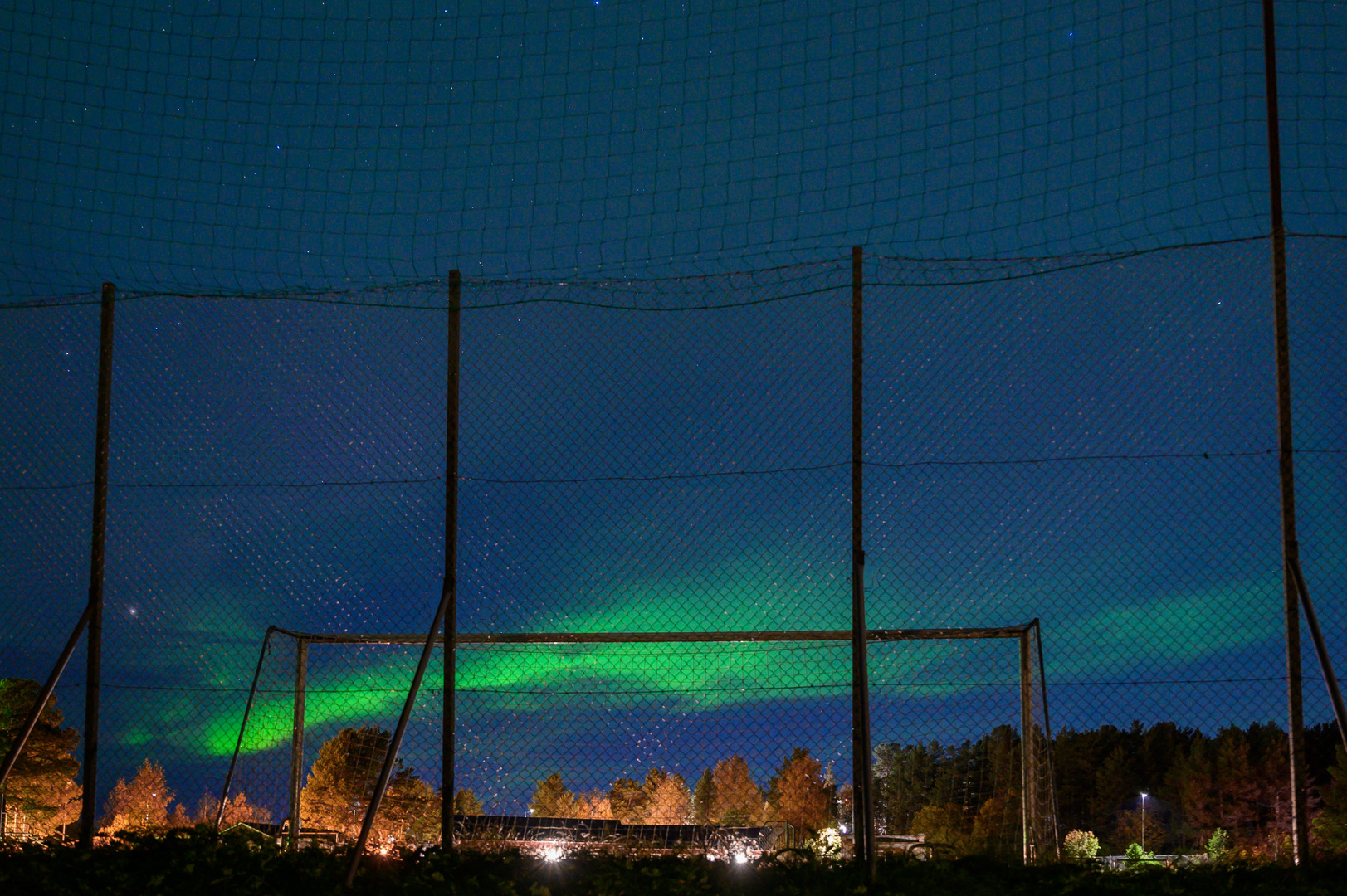 Aurora im Fussballtor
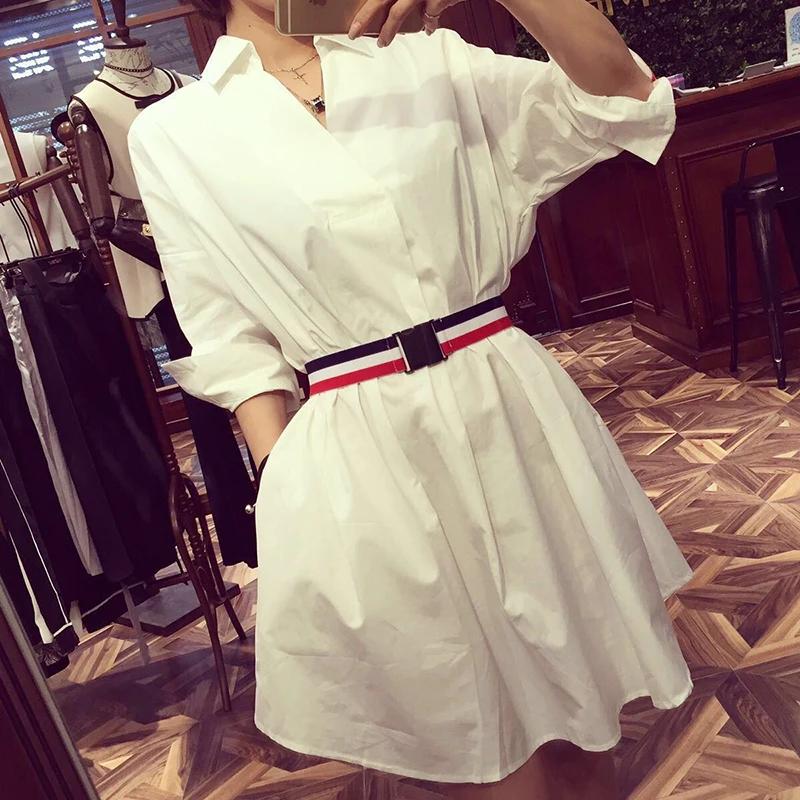 Gagarich 2019 весеннее новое модное платье Корейская белая рубашка женское свободное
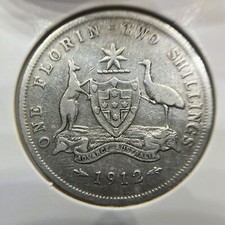 1912 Florin Coin - nearly Fine - George V Silver Predecimal Scarce Date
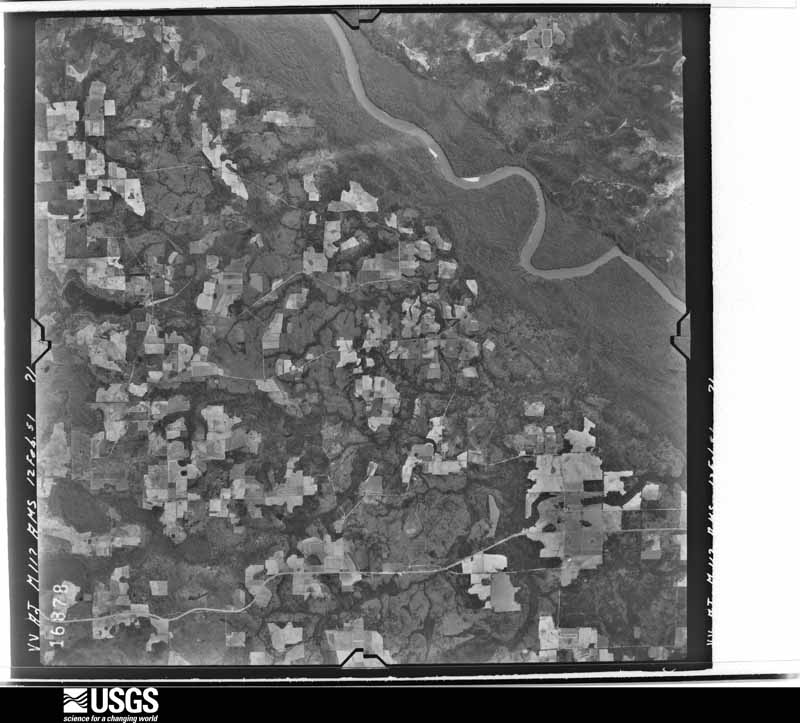 U.S. Geological Survey aerial photograph, 1951-02-12, scale 1:60000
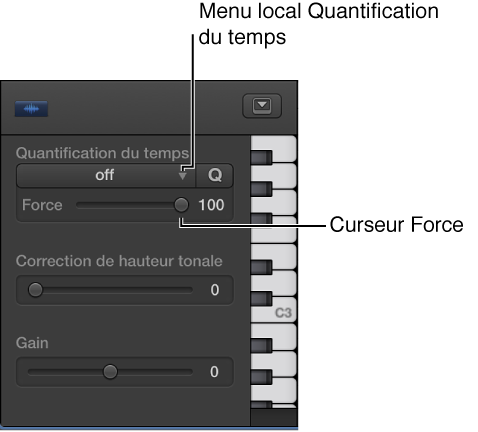 Figure. Menu local Quantification du temps et curseur Force.
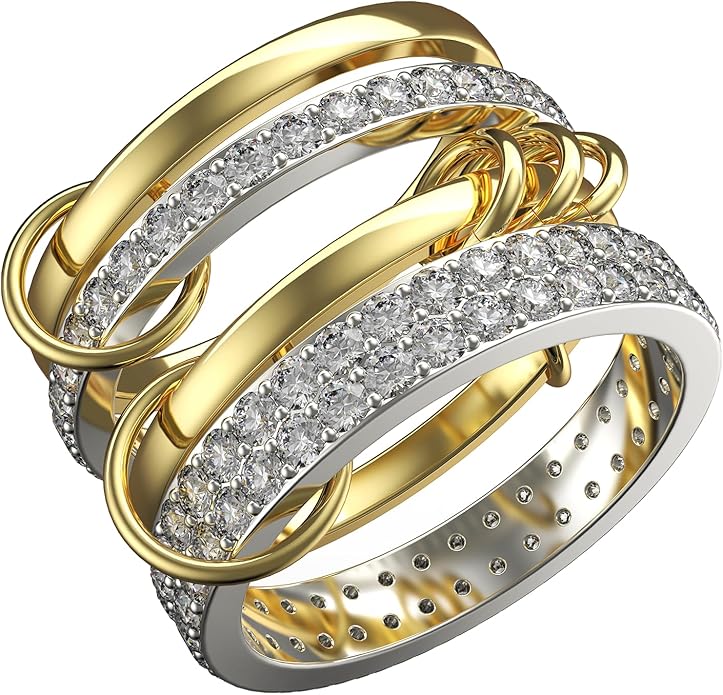 Stackable Rings For Women Non Tarnish,Two-Tone 18K Gold Silver Mixed Metals Interlocked Ring, Cubic Double-Layer Zirconia Interlocked Fashion Accessories Jewelry, Special Statement Ring Set Gifts For Women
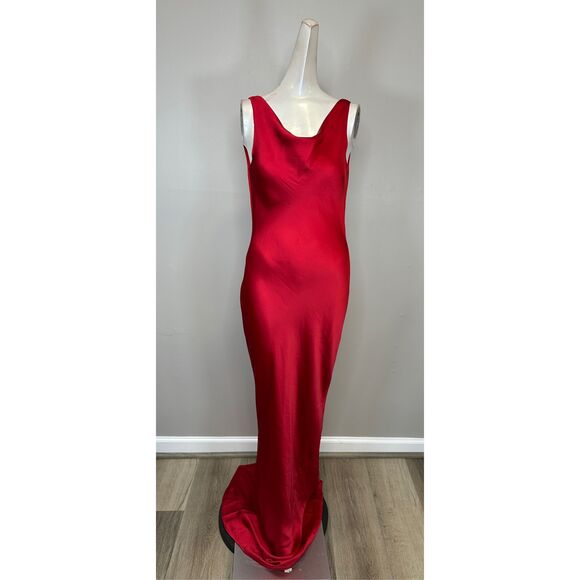 Norma Kamali Maria Sleeveless Cowl Neck Satin Evening Gown Tiger Red XS $325 - Picture 7 of 14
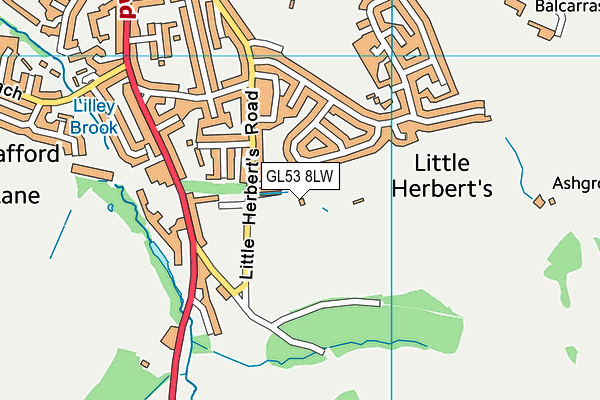 GL53 8LW map - OS VectorMap District (Ordnance Survey)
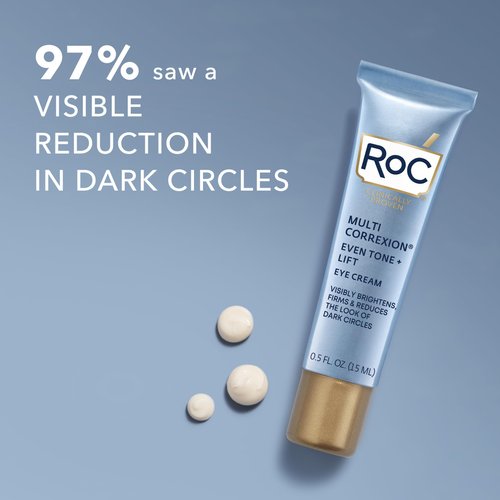 RoC Multi Correxion 5 in 1 Anti-Aging Eye Cream for Puffiness, Under Eye Bags & Dark Circles, Stocking Stuffers for Men & Women, (.5 oz) with Night Cream Packette (Packaging May Vary)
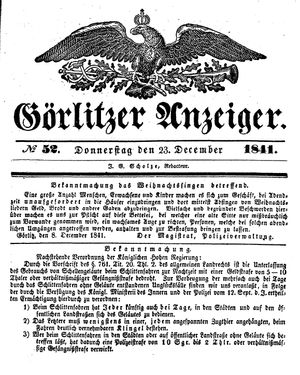 Görlitzer Anzeiger vom 23.12.1841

Task to complete.
Give back the entries verbatim. Do not include any picture.

Task solution.
 Aurora im Fussballtor
 Gagarich 2019 весеннее новое модное платье Корейская белая рубашка женское свободное
 1912 Florin Coin - nearly Fine - George V Silver Predecimal Scarce Date
 U.S. Geological Survey aerial photograph, 1951-02-12, scale 1:60000
 Figure. Menu local Quantification du temps et curseur Force.
 Stackable Rings For Women Non Tarnish,Two-Tone 18K Gold Silver Mixed Metals Interlocked Ring, Cubic Double-Layer Zirconia Interlocked Fashion Accessories Jewelry, Special Statement Ring Set Gifts For Women
 Norma Kamali Maria Sleeveless Cowl Neck Satin Evening Gown Tiger Red XS $325 - Picture 7 of 14
 GL53 8LW map - OS VectorMap District (Ordnance Survey)
 RoC Multi Correxion 5 in 1 Anti-Aging Eye Cream for Puffiness, Under Eye Bags & Dark Circles, Stocking Stuffers for Men & Women, (.5 oz) with Night Cream Packette (Packaging May Vary)
 Görlitzer Anzeiger vom 23.12.1841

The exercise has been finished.